• Your task: Write every record below out exactly; no images.

[Short web captions]
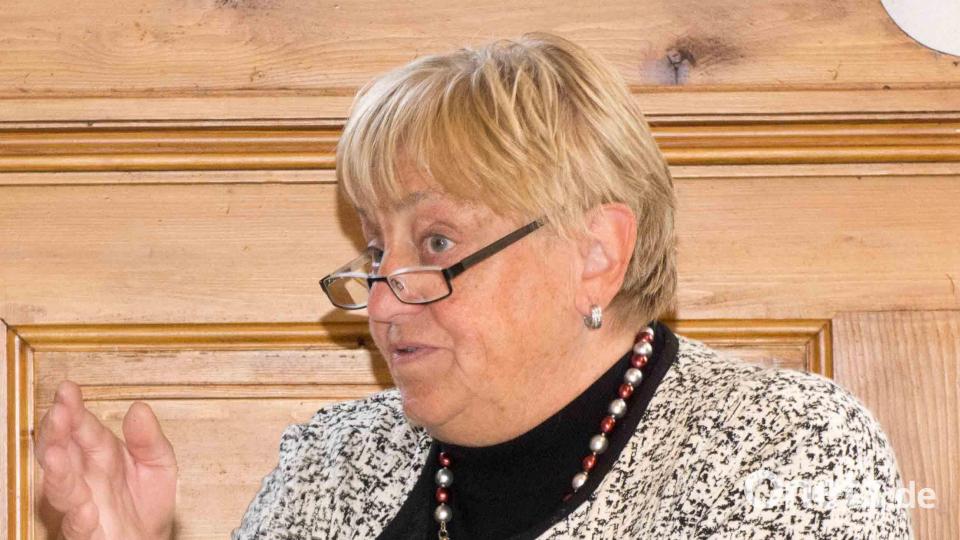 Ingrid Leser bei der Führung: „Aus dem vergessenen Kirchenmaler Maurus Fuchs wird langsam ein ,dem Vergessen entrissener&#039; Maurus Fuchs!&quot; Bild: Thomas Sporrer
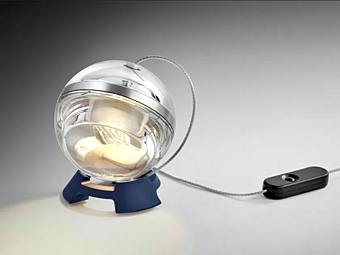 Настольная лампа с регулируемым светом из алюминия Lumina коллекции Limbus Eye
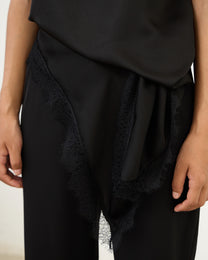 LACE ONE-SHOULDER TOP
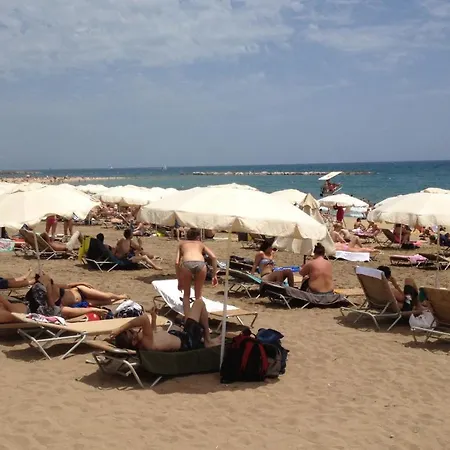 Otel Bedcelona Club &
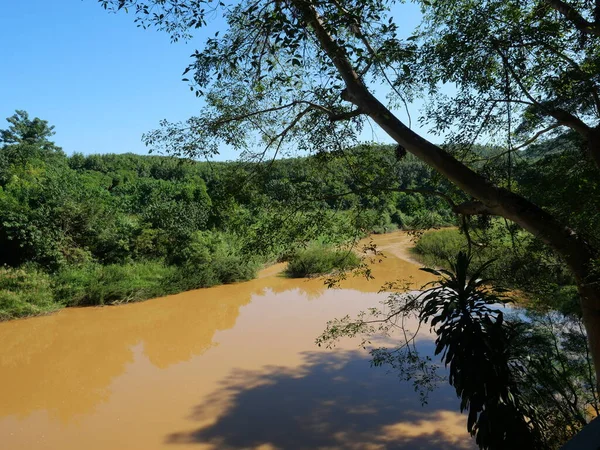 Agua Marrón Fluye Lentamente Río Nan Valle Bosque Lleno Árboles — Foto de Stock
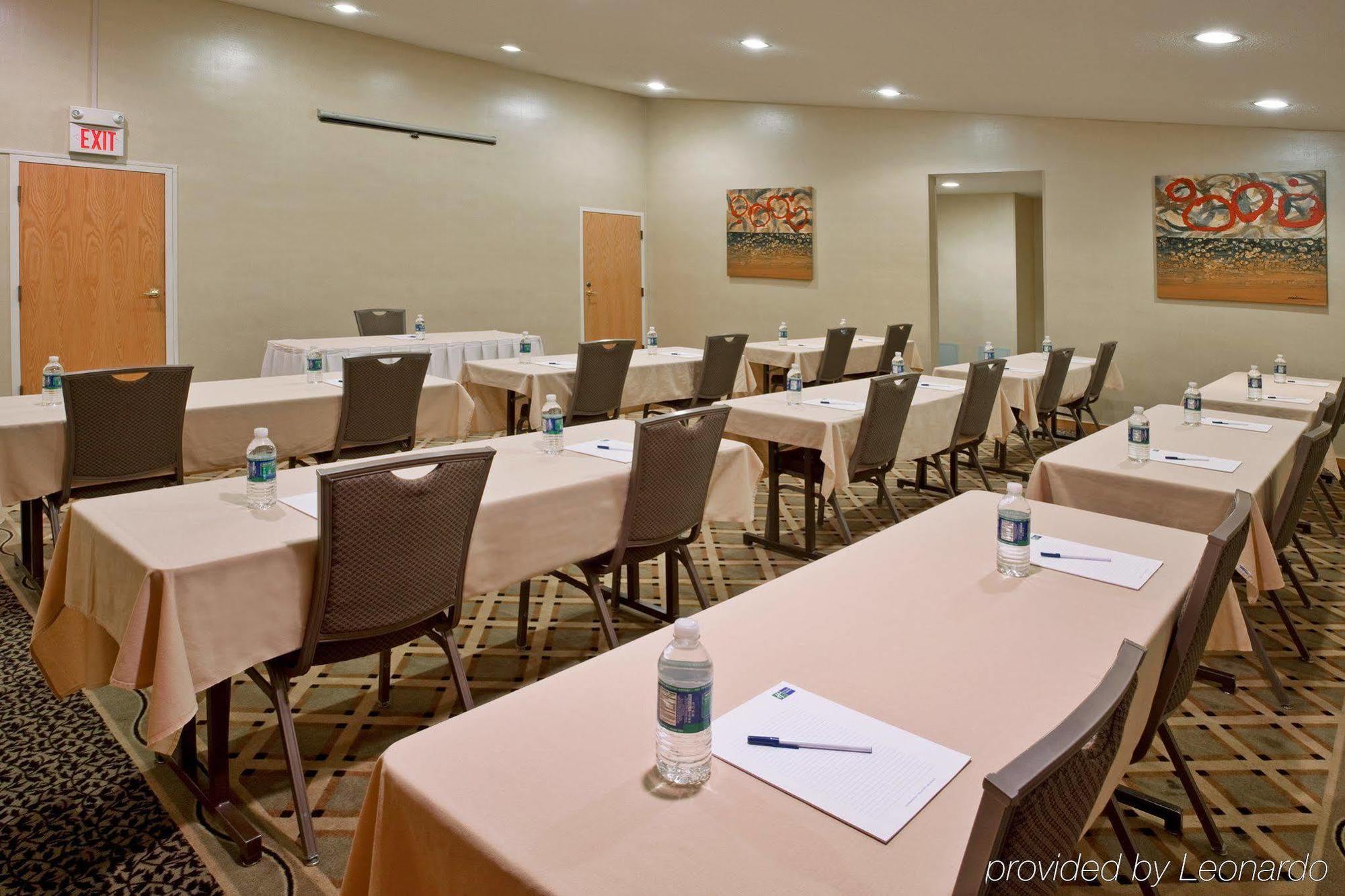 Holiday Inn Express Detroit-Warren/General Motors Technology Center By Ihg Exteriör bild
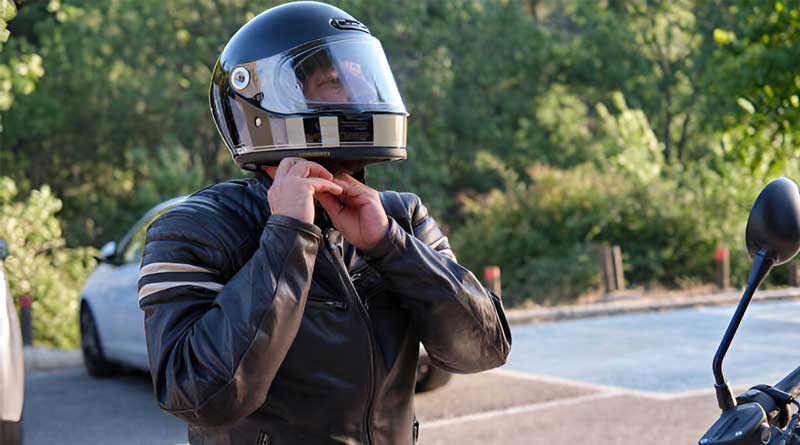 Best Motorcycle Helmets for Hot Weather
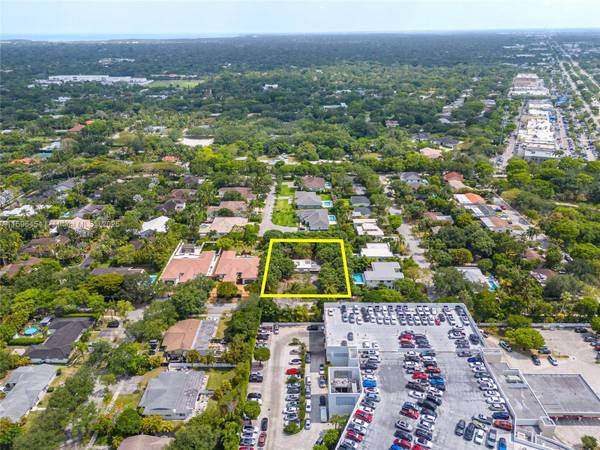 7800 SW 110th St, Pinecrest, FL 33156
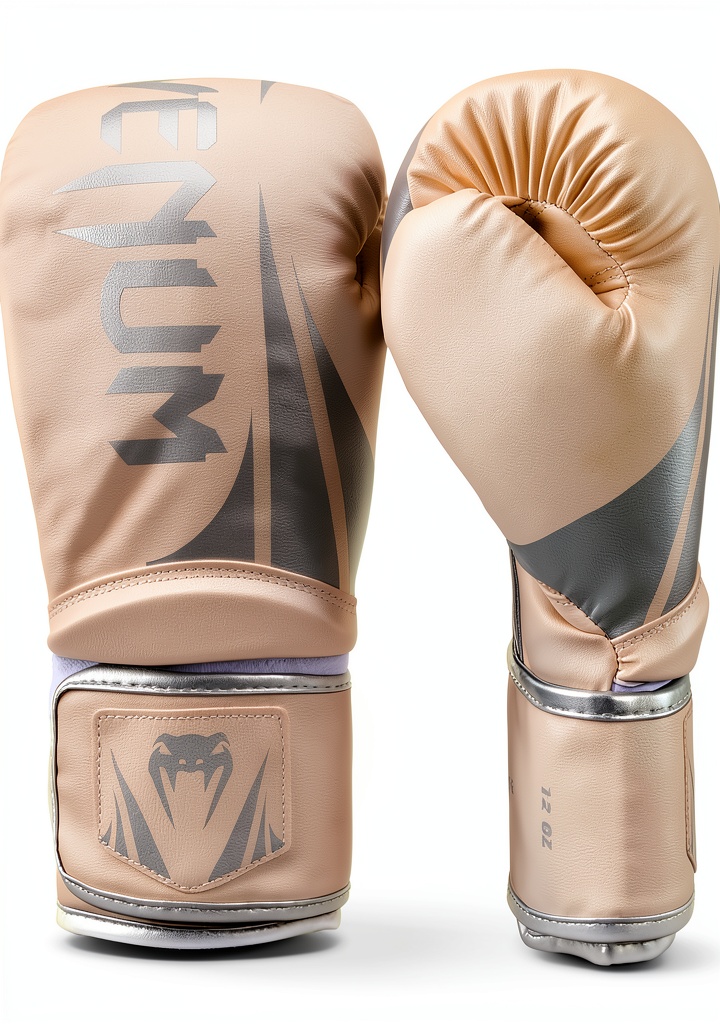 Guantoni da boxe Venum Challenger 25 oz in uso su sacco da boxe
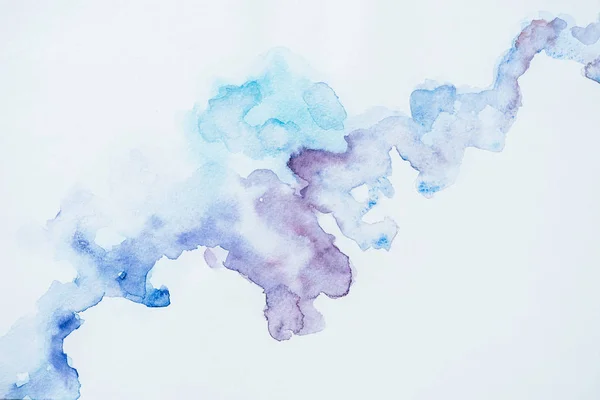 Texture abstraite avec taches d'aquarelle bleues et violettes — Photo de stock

• Answer to this exercise:
 Ingrid Leser bei der Führung: „Aus dem vergessenen Kirchenmaler Maurus Fuchs wird langsam ein ,dem Vergessen entrissener&#039; Maurus Fuchs!&quot; Bild: Thomas Sporrer
 Настольная лампа с регулируемым светом из алюминия Lumina коллекции Limbus Eye
 LACE ONE-SHOULDER TOP
 Otel Bedcelona Club &
 Agua Marrón Fluye Lentamente Río Nan Valle Bosque Lleno Árboles — Foto de Stock
 Holiday Inn Express Detroit-Warren/General Motors Technology Center By Ihg Exteriör bild
 Best Motorcycle Helmets for Hot Weather
 7800 SW 110th St, Pinecrest, FL 33156
 Guantoni da boxe Venum Challenger 25 oz in uso su sacco da boxe
 Texture abstraite avec taches d'aquarelle bleues et violettes — Photo de stock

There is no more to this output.